Economic Incentives as a Safeguard Against Political Fragmentation
An industrial ecosystem approach also addresses the political dilemma confronting Western democracies. By locating high-value industrial activities across the territories of participating countries, national governments would be able to demonstrate immediate, measurable benefits to their electorates in the form of reindustrialisation, skilled employment, and technological investment. Collective action would cease to be perceived as a surrender of sovereignty and instead become the means through which nations regain control over their economic destiny in an era of globalisation.
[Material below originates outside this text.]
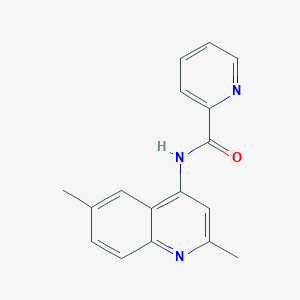 molecular formula C17H15N3O B4724447 N-(2,6-dimethyl-4-quinolinyl)-2-pyridinecarboxamide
This model would also provide a measure of resilience against Europe’s political volatility. Even if Eurosceptic or extremist parties were to enter government in some member states, the combination of guaranteed investment, integration into strategic international supply chains, and sustained local job creation would create powerful incentives to remain engaged. Pragmatic integration would continue to advance where ideology might otherwise divide.
The 2029 Imperative: A European Victory Program
The programme would be directed by a senior international coordinator supported by a small team of leading economists and technical experts. Operating along the lines of the Spaak Committee of 1955–1956, this task force would be responsible for producing a concise roadmap and identifying an initial set of high-impact industrial ecosystems capable of generating rapid strategic effects.
History offers a striking precedent. During the First World War, the Allied agreement on wheat procurement ultimately led to the unprecedented pooling of merchant fleets and maritime convoys. Wheat became the catalyst for a far broader system of logistical integration. The strategic industrial ecosystems of 2026 must serve precisely the same catalytic function.
The institutional flexibility of this model is essential to its speed of execution. The strategic objective is straightforward: the first industrial ecosystems should deliver tangible results and secure Europe’s most critical supply chains by 2029. This ambitious timetable deliberately rejects the complacency of distant horizons and instead embraces the sense of urgency that inspired America’s Victory Program of 1941. As history returns with renewed force, Europe can no longer afford to produce reports alone. It must fully enter the age of industrial geopolitics and strategic action.